The recently published Word Happiness Report 2016 reported that the top five happiest counties in the world were Denmark, Switzerland, Iceland, Norway and Finland. It also reported that when taking continents as a whole, there was a difference between the happiness scores of individualistic and collectivist cultures. Individualistic cultures are typically Western cultures whose focus is on personal attainment and collectivist cultures are mainly Eastern cultures where the focus is on group and community goals.
The report found that North America, Australia and New Zealand were the most happy with a mean happiness score of 7.125 and Western Europe had a score of 6.575, while South East Asia had a mean score of 5.363 and East Asia’s score was 5.288. On the face of it, this suggests that people in individualistic cultures are happier than those in collectivist cultures. But is this really the case?
Personal pursuit of happiness
In individualistic cultures happiness is often viewed as a personal pursuit that the individual should follow. Each person has a right to happiness and it is up to them to follow this. Of course there is a dark side to this, it implies that if you are not happy it is no one’s fault but your own.
Contrastingly in collectivist cultures, happiness is associated with social bonds and social responsibility. Happiness is a shared concept not a personal one. Personal emotions of joy and bliss are not focused on, instead the focus is on the person’s role in the community.
Different types of happiness
Broadly speaking it can be argued that this distinction mirrors the difference between hedonic and eudaimonic well-being. With hedonic well-being focusing on increasing personal pleasure and decreasing personal pain and eudaimonic well-being focusings on growth and fulfilling life’s purpose.
So why are some of the most effective methods for improving levels of happiness ones that focus on developing social bonds and connections? Aren’t these associated with the priorities of those ‘less happy’ countries? Why do they work?
Social happiness revisted
Activities such as volunteering, building relationships and random acts of kindness all encourage us to look outside of ourselves and focus on others. Doing something for others, not in order to gain anything in return, has been shown to increase happiness. Research from Exeter University has found that volunteering has been shown to not only improve happiness but to help improve mental health. Similarly in a study of resilience following economic downturn John Helliwell, from the University of British Columbia in Canada suggested that simultaneously doing things with others and for others adds to a sense of well-being. The ‘with others’ relates to the social connections that are formed when working to achieve a common goal. The ‘for others’ can be viewed as fulfilling a sense of purpose and making a social contribution which is part of eudaimonic well-being.

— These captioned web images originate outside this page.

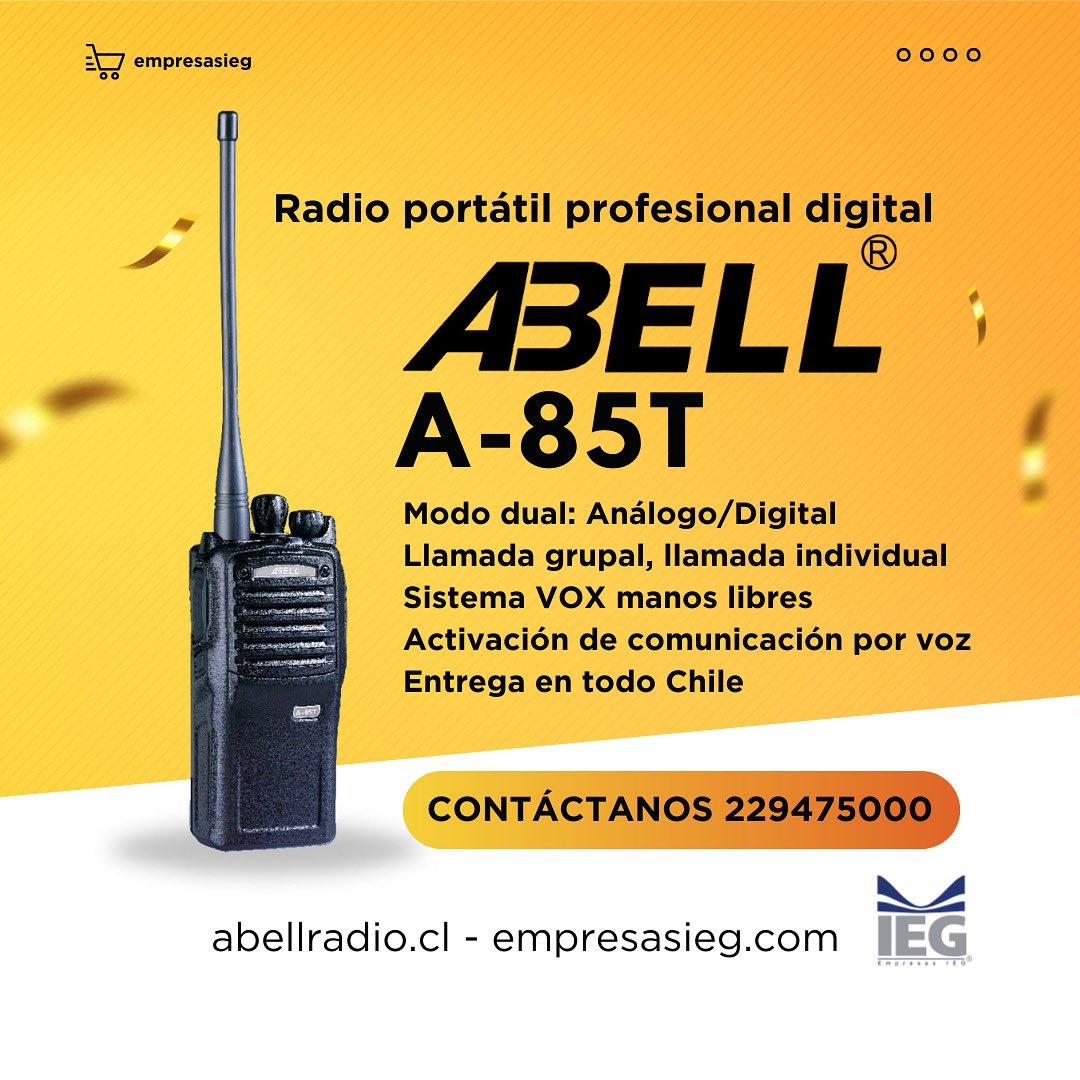 “Radio portátil profesional digital Abell A-85T: La mejor opción en comunicación.
 
Radio portátil profesional digital Abell A-85T
Diseño especial: robusto, resistente, duradero
💯Radio digital A-85T
📍 Dirección: Villaseca 385, Ñuñoa – Santiago
📞 Fono: 22 947 5000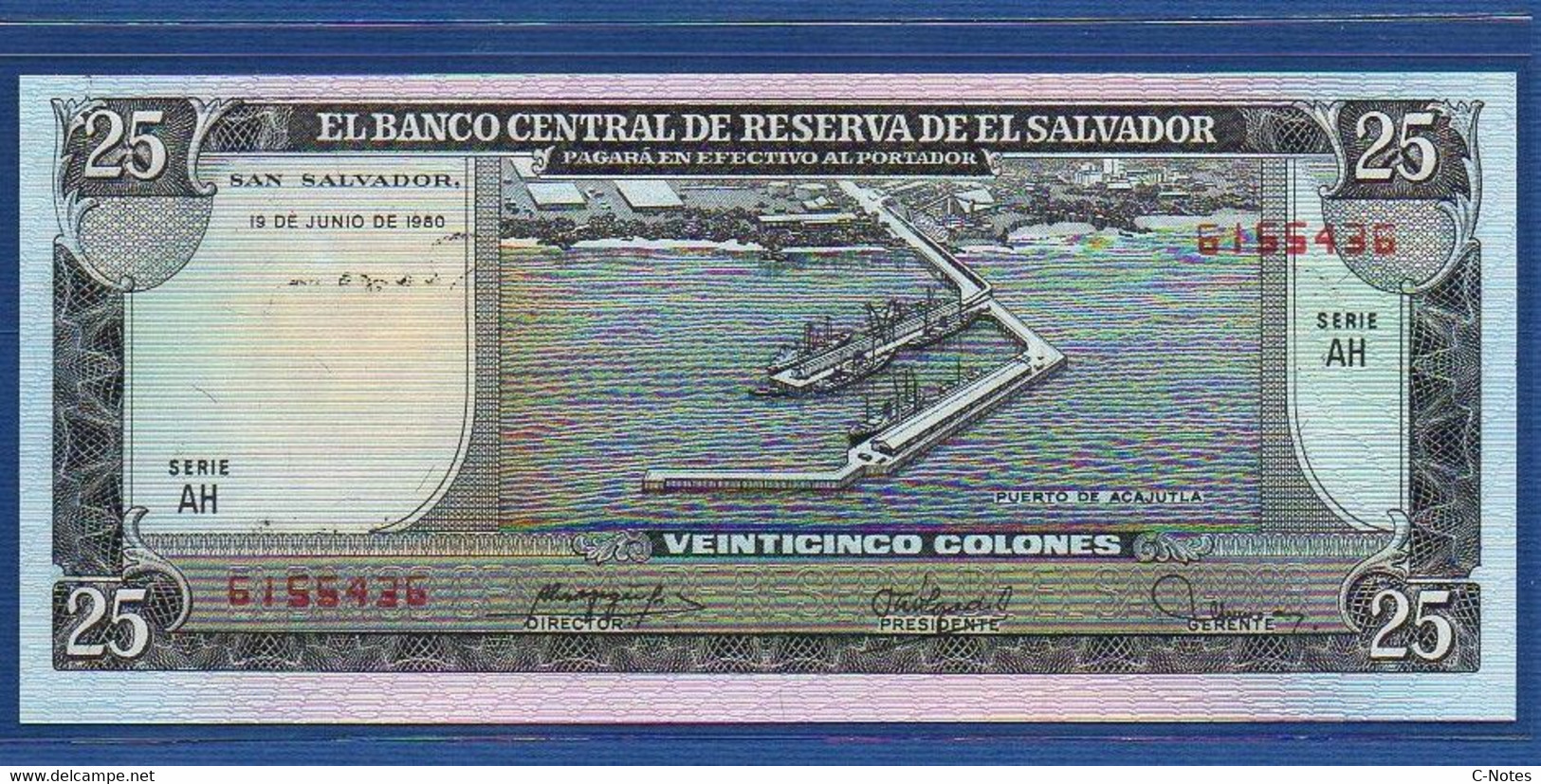 EL SALVADOR  - P.130b – 25 Colones 1980 UNC, Series AH 6155436 - El Salvador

While there may be many reasons to explain why collectivist cultures have lower happiness scores than many individualistic cultures, we have a lot to learn to by focusing on the similarities between the cultures; people in both cultures thrive when given social responsibility. Traditional communities in the West have broken down in the last couple of generations and fortunately the West is now rediscovering the beauty of building bonds and personally contributing to society. What may have once happened naturally and universally, may now require conscious effort and fortunately more and more people understand and practice this.
Helliwell, J.F., Huang, H. & Wang, S. (2013) Social Capital and Well-Being in Times of Crisis. Journal of Happiness Studies, DOI:10.1007/s10902-013-9441-z
Jenkinson, C.E., Dickens, A.P., Jones, K., Thompson-Coon, J., Taylor, R.S., Rogers, M., Bambra, C.L. Lang, I. & Richards, S.H. (2013). Is volunteering a public health intervention? A systematic review and meta-analysis of the health and survival of volunteers. BMC Public Health, 13, article no 773. DOI: 10.1186/1471-2458-13-773
Luo Lu, L. & Gilmour, R. (2004). Culture and conceptions of happiness: individual oriented and social oriented swb. Journal of Happiness Studies, 5,3, 269-291.
Sachs, J., Becchetti, L., & Annett, A. (2016). World Happiness Report 2016, Special Rome Edition (Vol. II). New York: Sustainable Development Solutions Network.